*** RECORD EXCERPTS Section Begins ***
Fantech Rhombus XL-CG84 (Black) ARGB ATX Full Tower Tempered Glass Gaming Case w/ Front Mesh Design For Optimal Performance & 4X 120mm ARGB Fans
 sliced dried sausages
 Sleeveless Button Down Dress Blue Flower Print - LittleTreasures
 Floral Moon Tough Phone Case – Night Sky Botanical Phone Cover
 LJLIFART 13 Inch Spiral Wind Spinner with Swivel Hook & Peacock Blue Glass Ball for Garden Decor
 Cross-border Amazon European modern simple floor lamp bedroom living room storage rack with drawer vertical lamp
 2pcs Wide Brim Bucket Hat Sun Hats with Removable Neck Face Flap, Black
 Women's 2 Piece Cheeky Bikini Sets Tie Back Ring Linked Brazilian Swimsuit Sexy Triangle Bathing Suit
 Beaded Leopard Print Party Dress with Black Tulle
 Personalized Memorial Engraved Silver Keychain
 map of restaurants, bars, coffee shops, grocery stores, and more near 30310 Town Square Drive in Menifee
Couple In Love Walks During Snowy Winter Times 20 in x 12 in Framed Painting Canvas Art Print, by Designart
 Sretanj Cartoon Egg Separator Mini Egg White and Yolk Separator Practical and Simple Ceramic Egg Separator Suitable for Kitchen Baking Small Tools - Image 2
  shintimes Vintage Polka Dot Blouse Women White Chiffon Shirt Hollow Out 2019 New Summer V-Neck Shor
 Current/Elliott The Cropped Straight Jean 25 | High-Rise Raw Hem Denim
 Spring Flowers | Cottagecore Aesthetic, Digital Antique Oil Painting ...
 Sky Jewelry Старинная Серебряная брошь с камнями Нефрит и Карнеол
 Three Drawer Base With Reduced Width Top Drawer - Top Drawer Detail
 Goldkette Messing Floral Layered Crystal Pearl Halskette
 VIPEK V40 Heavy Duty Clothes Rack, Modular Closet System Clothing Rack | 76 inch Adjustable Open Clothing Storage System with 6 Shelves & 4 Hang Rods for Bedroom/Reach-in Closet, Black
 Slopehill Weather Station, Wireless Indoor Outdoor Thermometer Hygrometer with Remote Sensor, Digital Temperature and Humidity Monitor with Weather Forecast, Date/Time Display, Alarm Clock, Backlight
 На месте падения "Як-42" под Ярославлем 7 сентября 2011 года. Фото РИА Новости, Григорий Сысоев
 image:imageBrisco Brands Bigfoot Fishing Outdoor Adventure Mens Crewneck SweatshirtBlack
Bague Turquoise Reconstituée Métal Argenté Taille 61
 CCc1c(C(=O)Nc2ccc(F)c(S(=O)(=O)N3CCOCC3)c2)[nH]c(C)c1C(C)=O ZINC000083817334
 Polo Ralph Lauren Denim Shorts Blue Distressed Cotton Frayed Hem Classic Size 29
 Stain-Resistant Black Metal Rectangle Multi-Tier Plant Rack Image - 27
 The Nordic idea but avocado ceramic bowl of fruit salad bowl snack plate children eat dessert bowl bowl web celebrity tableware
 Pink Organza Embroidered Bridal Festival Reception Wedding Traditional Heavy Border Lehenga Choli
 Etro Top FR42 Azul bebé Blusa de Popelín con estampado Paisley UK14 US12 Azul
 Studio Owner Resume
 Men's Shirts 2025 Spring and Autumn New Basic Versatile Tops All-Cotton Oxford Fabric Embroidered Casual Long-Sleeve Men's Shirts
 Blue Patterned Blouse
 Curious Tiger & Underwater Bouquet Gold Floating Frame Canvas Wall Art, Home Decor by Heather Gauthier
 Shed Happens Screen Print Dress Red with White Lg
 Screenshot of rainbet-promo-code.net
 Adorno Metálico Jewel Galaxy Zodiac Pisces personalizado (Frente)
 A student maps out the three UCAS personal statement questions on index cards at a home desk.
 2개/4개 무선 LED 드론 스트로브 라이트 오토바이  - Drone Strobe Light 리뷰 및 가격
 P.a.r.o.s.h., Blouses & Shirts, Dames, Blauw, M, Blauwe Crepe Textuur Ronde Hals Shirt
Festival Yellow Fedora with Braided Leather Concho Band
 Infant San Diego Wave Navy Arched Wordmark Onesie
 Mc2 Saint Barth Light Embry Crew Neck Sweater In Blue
*** RECORD EXCERPTS Section Ends ***
Once you have read the data, reproduce all of it exactly.

#### EXPECTED ANSWER:
Fantech Rhombus XL-CG84 (Black) ARGB ATX Full Tower Tempered Glass Gaming Case w/ Front Mesh Design For Optimal Performance & 4X 120mm ARGB Fans
 sliced dried sausages
 Sleeveless Button Down Dress Blue Flower Print - LittleTreasures
 Floral Moon Tough Phone Case – Night Sky Botanical Phone Cover
 LJLIFART 13 Inch Spiral Wind Spinner with Swivel Hook & Peacock Blue Glass Ball for Garden Decor
 Cross-border Amazon European modern simple floor lamp bedroom living room storage rack with drawer vertical lamp
 2pcs Wide Brim Bucket Hat Sun Hats with Removable Neck Face Flap, Black
 Women's 2 Piece Cheeky Bikini Sets Tie Back Ring Linked Brazilian Swimsuit Sexy Triangle Bathing Suit
 Beaded Leopard Print Party Dress with Black Tulle
 Personalized Memorial Engraved Silver Keychain
 map of restaurants, bars, coffee shops, grocery stores, and more near 30310 Town Square Drive in Menifee
Couple In Love Walks During Snowy Winter Times 20 in x 12 in Framed Painting Canvas Art Print, by Designart
 Sretanj Cartoon Egg Separator Mini Egg White and Yolk Separator Practical and Simple Ceramic Egg Separator Suitable for Kitchen Baking Small Tools - Image 2
  shintimes Vintage Polka Dot Blouse Women White Chiffon Shirt Hollow Out 2019 New Summer V-Neck Shor
 Current/Elliott The Cropped Straight Jean 25 | High-Rise Raw Hem Denim
 Spring Flowers | Cottagecore Aesthetic, Digital Antique Oil Painting ...
 Sky Jewelry Старинная Серебряная брошь с камнями Нефрит и Карнеол
 Three Drawer Base With Reduced Width Top Drawer - Top Drawer Detail
 Goldkette Messing Floral Layered Crystal Pearl Halskette
 VIPEK V40 Heavy Duty Clothes Rack, Modular Closet System Clothing Rack | 76 inch Adjustable Open Clothing Storage System with 6 Shelves & 4 Hang Rods for Bedroom/Reach-in Closet, Black
 Slopehill Weather Station, Wireless Indoor Outdoor Thermometer Hygrometer with Remote Sensor, Digital Temperature and Humidity Monitor with Weather Forecast, Date/Time Display, Alarm Clock, Backlight
 На месте падения "Як-42" под Ярославлем 7 сентября 2011 года. Фото РИА Новости, Григорий Сысоев
 image:imageBrisco Brands Bigfoot Fishing Outdoor Adventure Mens Crewneck SweatshirtBlack
Bague Turquoise Reconstituée Métal Argenté Taille 61
 CCc1c(C(=O)Nc2ccc(F)c(S(=O)(=O)N3CCOCC3)c2)[nH]c(C)c1C(C)=O ZINC000083817334
 Polo Ralph Lauren Denim Shorts Blue Distressed Cotton Frayed Hem Classic Size 29
 Stain-Resistant Black Metal Rectangle Multi-Tier Plant Rack Image - 27
 The Nordic idea but avocado ceramic bowl of fruit salad bowl snack plate children eat dessert bowl bowl web celebrity tableware
 Pink Organza Embroidered Bridal Festival Reception Wedding Traditional Heavy Border Lehenga Choli
 Etro Top FR42 Azul bebé Blusa de Popelín con estampado Paisley UK14 US12 Azul
 Studio Owner Resume
 Men's Shirts 2025 Spring and Autumn New Basic Versatile Tops All-Cotton Oxford Fabric Embroidered Casual Long-Sleeve Men's Shirts
 Blue Patterned Blouse
 Curious Tiger & Underwater Bouquet Gold Floating Frame Canvas Wall Art, Home Decor by Heather Gauthier
 Shed Happens Screen Print Dress Red with White Lg
 Screenshot of rainbet-promo-code.net
 Adorno Metálico Jewel Galaxy Zodiac Pisces personalizado (Frente)
 A student maps out the three UCAS personal statement questions on index cards at a home desk.
 2개/4개 무선 LED 드론 스트로브 라이트 오토바이  - Drone Strobe Light 리뷰 및 가격
 P.a.r.o.s.h., Blouses & Shirts, Dames, Blauw, M, Blauwe Crepe Textuur Ronde Hals Shirt
Festival Yellow Fedora with Braided Leather Concho Band
 Infant San Diego Wave Navy Arched Wordmark Onesie
 Mc2 Saint Barth Light Embry Crew Neck Sweater In Blue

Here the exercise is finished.